Senior DevOps Engineer

Terminal
Terminal

Software Engineering

Posted on Jun 23, 2026

About Atlas

Atlas understands how people work. Our team of trusted experts support you with the ins-and-outs of global expansion, local compliance, and employee experience across the globe.

You find the talent — we handle everything else.


About The Role

We're looking for a Senior DevOps / SRE Engineer to own the reliability, security, and delivery of the Atlas platform. You will be a core member of the infrastructure team, responsible for the full lifecycle of our cloud infrastructure — from pipeline design to production promotion. Day-to-day, you will manage our four-environment pipeline (dev → qa → training → prod) and act as the engineering gate that stands between a deployment and production: you hold the SRE approval that allows a release through. You'll work closely with backend, frontend, and security engineers, and you will own the on- call process end-to-end — from alert configuration to postmortem closure. This isn't a role for someone who waits for direction. We're looking for engineers who are genuinely curious, hold themselves to a high bar, and figure things out — people who take ownership without being asked.
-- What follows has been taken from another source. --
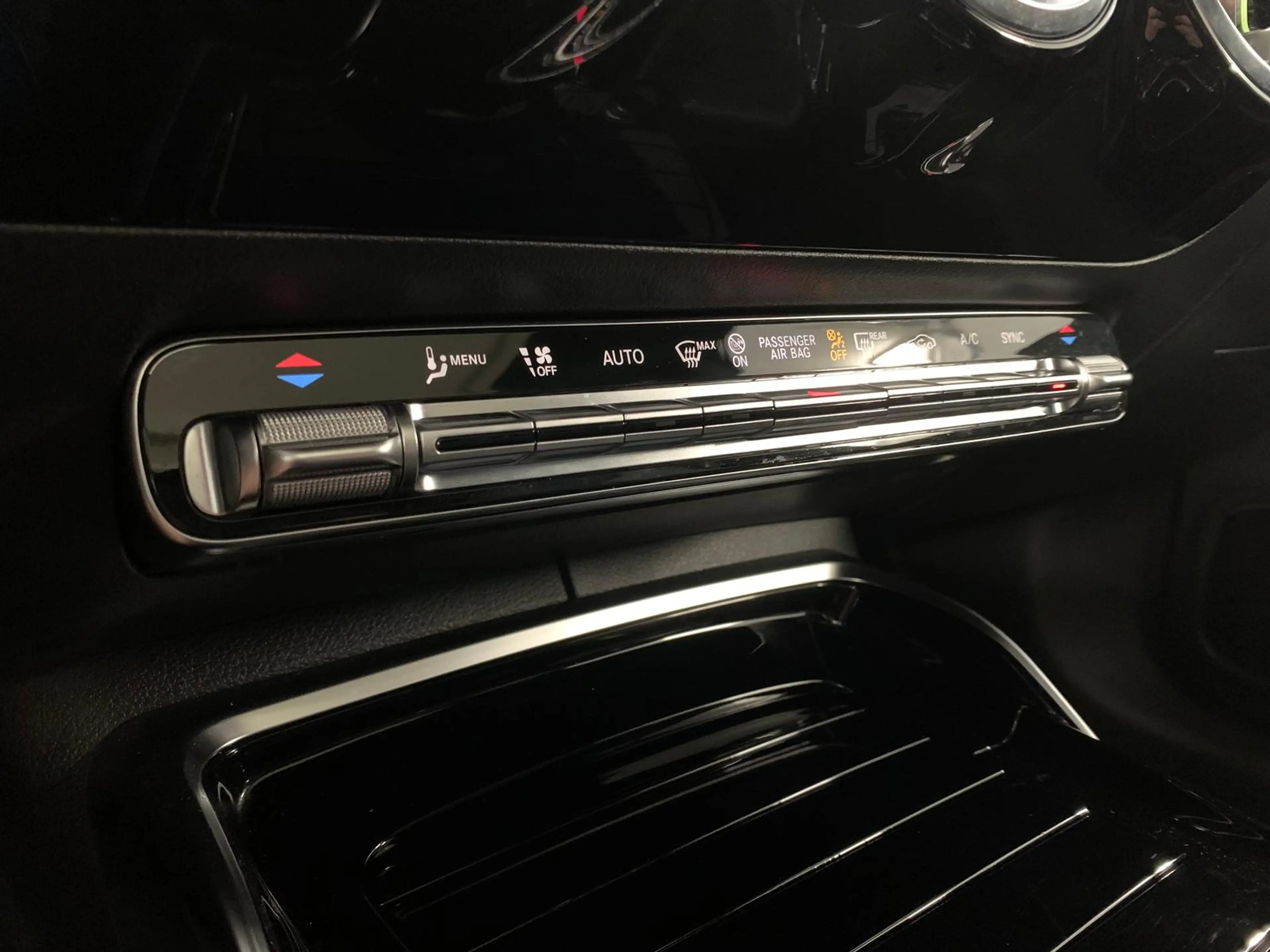 Mercedes-Benz CLA 35 AMG CLA 35 SB AMG 4M Multibeam Widescreen Pano Distr — photo 14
Our stack runs on Azure, but if you've been building on AWS or GCP, that experience translates; we'll invest in getting you up to speed on the specifics.


What You’ll Do

•Design, operate, and continuously improve AKS clusters — managing node pools, autoscaling policies (Karpenter), Helm chart versioning, and Kong ingress routing across multiple namespaces • Build and maintain GitHub Actions CI/CD pipelines with Kubernetes-hosted self-hosted runners — covering build, SAST, software bill of materials (SBOM) generation, dependency scanning, container publishing to Azure Container Registry, and AKS deployment • Manage all Azure infrastructure as code with Terraform — VNets, Private Endpoints, Application Gateway + WAF, Azure SQL, MySQL Flexible Server, Redis Cache, Cosmos DB, Blob Storage, Azure DNS, Key Vault, and DDoS Protection across all environments • Own the observability stack: Application Insights dashboards, Log Analytics queries, synthetic uptime monitors, and on-call scheduling — defining SLOs and closing alert gaps before customers notice them • Drive security posture improvements in partnership with InfoSec — triaging findings from cloud security posture management (CSPM) tooling, a vulnerability management platform, and endpoint detection and response (EDR) alerts; coordinating with the managed security service provider (MSSP) on escalations • Manage identity and access: Azure AD / Entra ID, Workload Identity Federation for secretless pod-level authentication, and Keycloak for SSO across JWT and SAML flows • Own the incident response lifecycle — triage P1–P4 events, coordinate resolution across engineering teams, drive blameless postmortems, and close action items with a 48-hour RCA target for critical incidents • Support ISO 27001, ISO 27017, and ISO 27018 audit cycles — producing evidence, reviewing controls, and closing findings in collaboration with engineering and compliance teams


What You’ll Bring

•5+ years of cloud infrastructure experience — Azure, AWS, or GCP. Our stack is Azure-native; what matters is that you've operated cloud infrastructure at scale and know how to own it. If you're coming from another cloud, the concepts carry over and we'll close the gaps together. • Proven Kubernetes operations depth — Helm, autoscaling (HPA/VPA/node- level), ingress controller management, and multi-environment cluster operations. Kubernetes is Kubernetes regardless of the cloud it runs on. • Strong infrastructure-as-code discipline — Terraform at scale: reusable modules, remote state management, consistent environments across dev/qa/training/prod. • Solid CI/CD pipeline experience — GitHub Actions, CircleCI, Jenkins, or equivalent. You've built and maintained pipelines that cover build, test, security scanning, container publishing, and deployment end-to-end. • Security-first mindset — direct experience across at least two of: SAST tooling, SBOM generation, dependency scanning, CSPM platforms, or vulnerability management workflows. • Experience supporting compliance audits (ISO 27001 or SOC 2) — not just awareness, but producing evidence artifacts and engaging directly with auditors. Nice to Have • Hands-on Keycloak administration: realm configuration, SAML/OIDC client setup, and Workload Identity Federation integration • Experience operating Azure Cosmos DB or managed MongoDB at scale — index tuning, failover testing, backup validation • Familiarity with Azure Purview data classification and information protection policies • Exposure to product analytics event pipelines and data residency controls at the infrastructure layer



*This job posting exists to fill a vacancy.